### BRIEF
Could you copy exactly the lines below from the one with "Trận cầu tâm điểm Chelsea - Arsenal." to the one with "Die verschiedenen Modelle", inclusive, leaving out any pictures?

### INFORMATION SUPPLIED
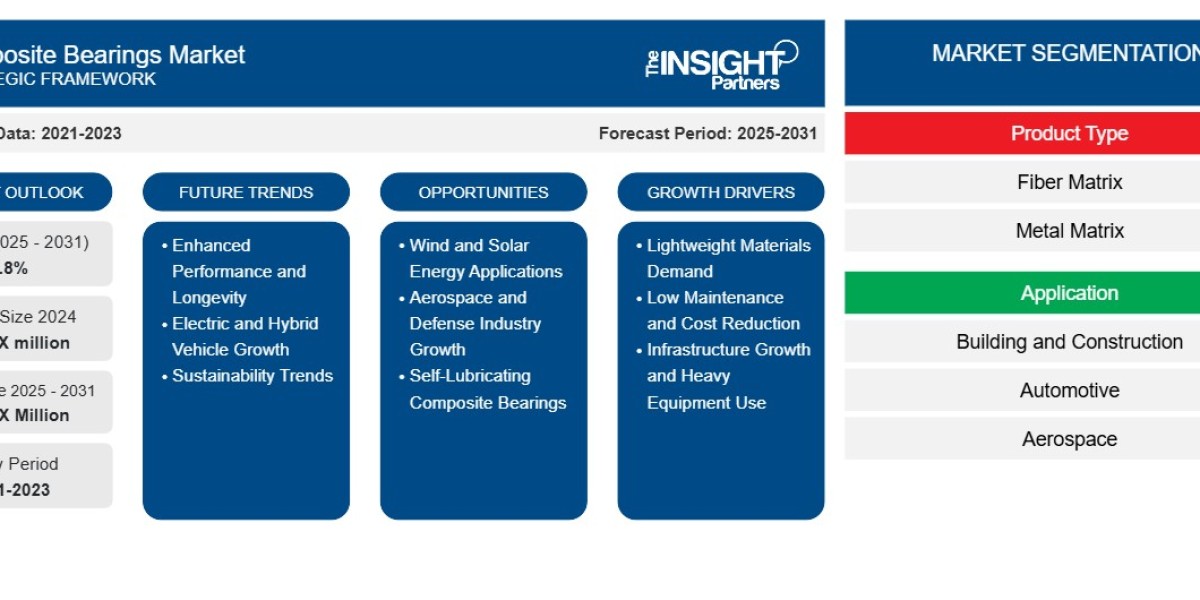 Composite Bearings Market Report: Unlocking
==
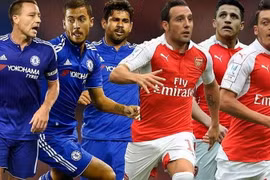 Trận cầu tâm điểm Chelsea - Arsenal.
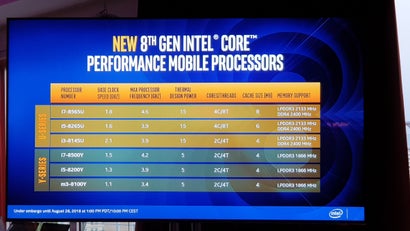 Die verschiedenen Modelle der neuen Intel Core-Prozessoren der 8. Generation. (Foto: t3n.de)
* * *
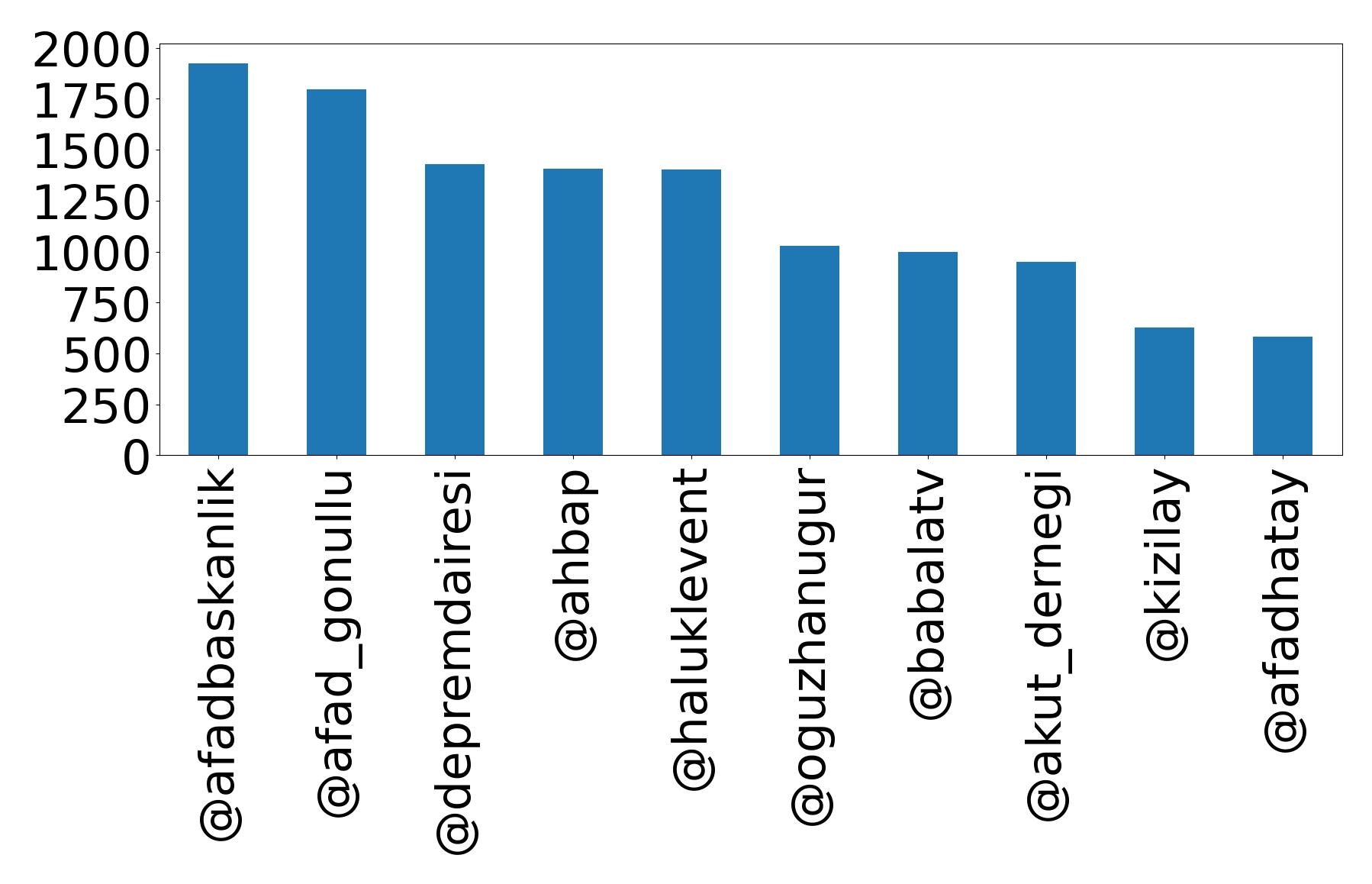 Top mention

### ANSWER FOR THE TASK
 Trận cầu tâm điểm Chelsea - Arsenal.
 Die verschiedenen Modelle der neuen Intel Core-Prozessoren der 8. Generation. (Foto: t3n.de)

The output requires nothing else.